**Exercise objective**: Set the listing down exactly; no pictures.

**Dataset section**:
◆ ◆ ◆
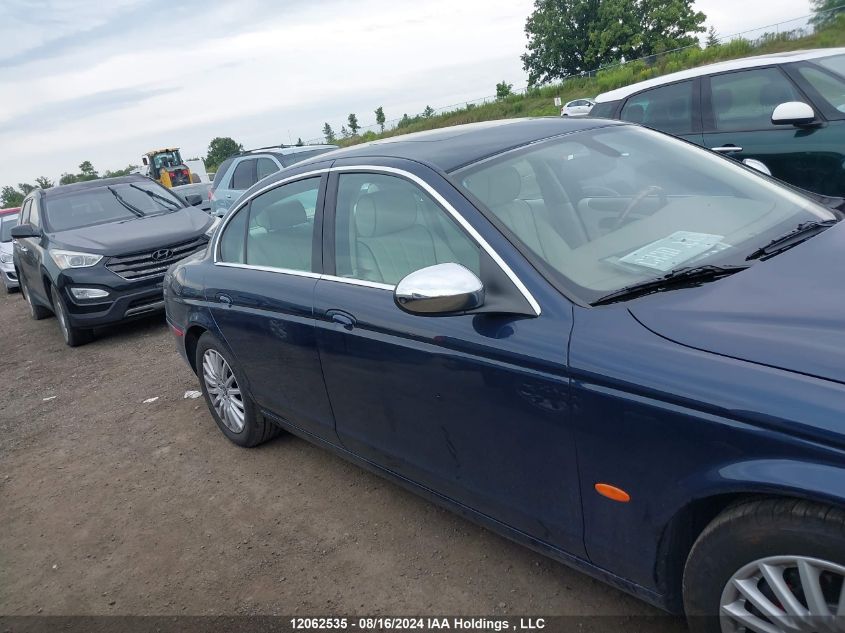 2006 Jaguar S-Type VIN: SAJXA01B86HN64177 Lot: 12062535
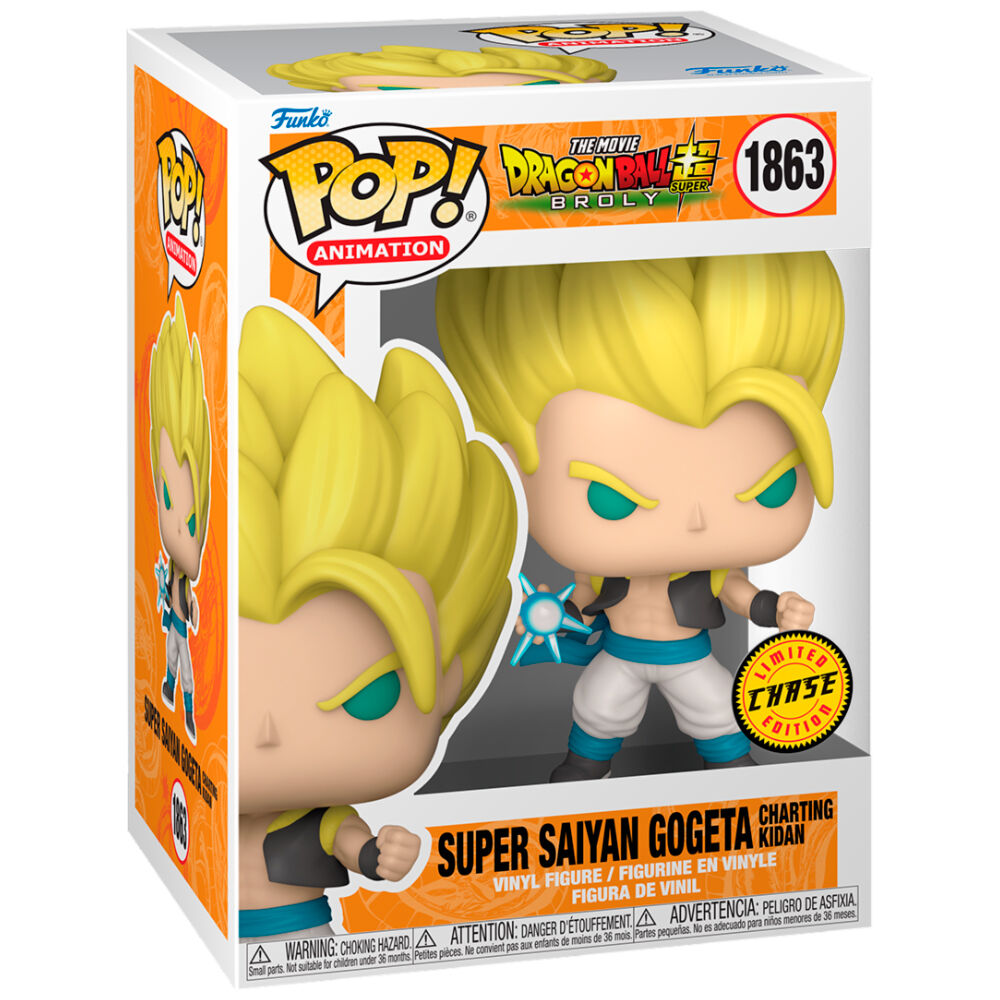 Funko POP Dragon Ball Broly Gogeta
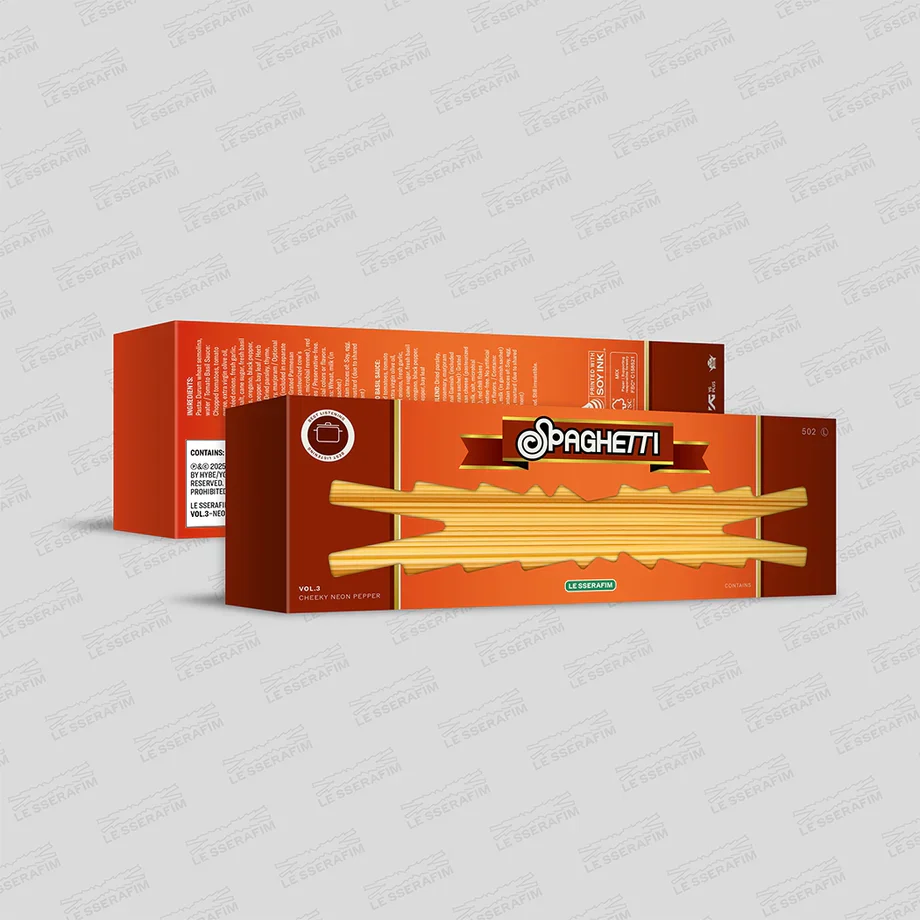 [POB] LE SSERAFIM - [AAA 2025 LIVE] 1st Single Album 'SPAGHETTI' - Image 4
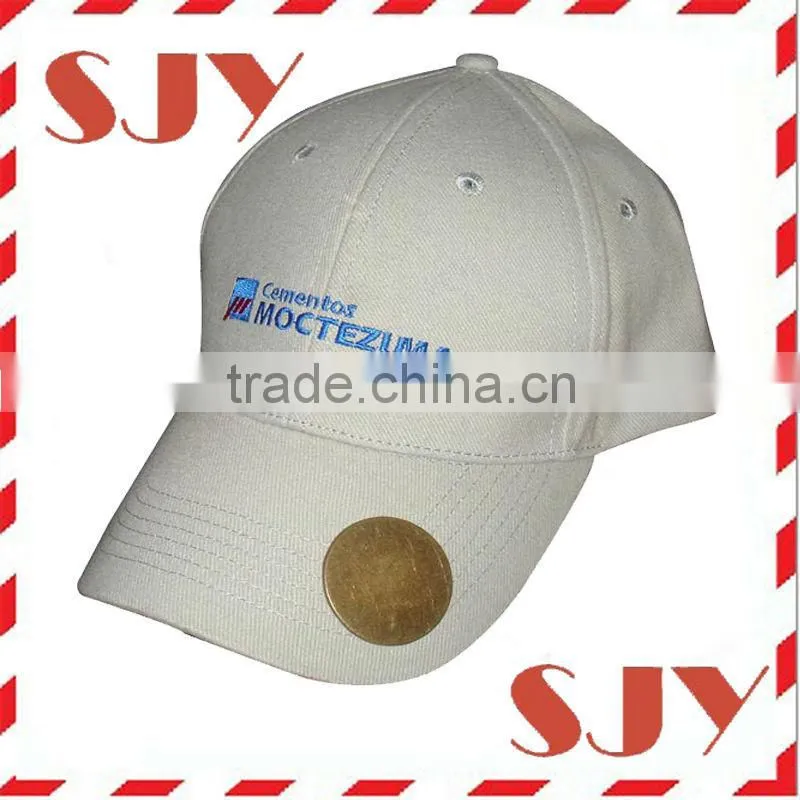 100%cotton embroidery promotion sport bottle cap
◆ ◆ ◆
**Response below**:
 2006 Jaguar S-Type VIN: SAJXA01B86HN64177 Lot: 12062535
 Funko POP Dragon Ball Broly Gogeta
 [POB] LE SSERAFIM - [AAA 2025 LIVE] 1st Single Album 'SPAGHETTI' - Image 4
 100%cotton embroidery promotion sport bottle cap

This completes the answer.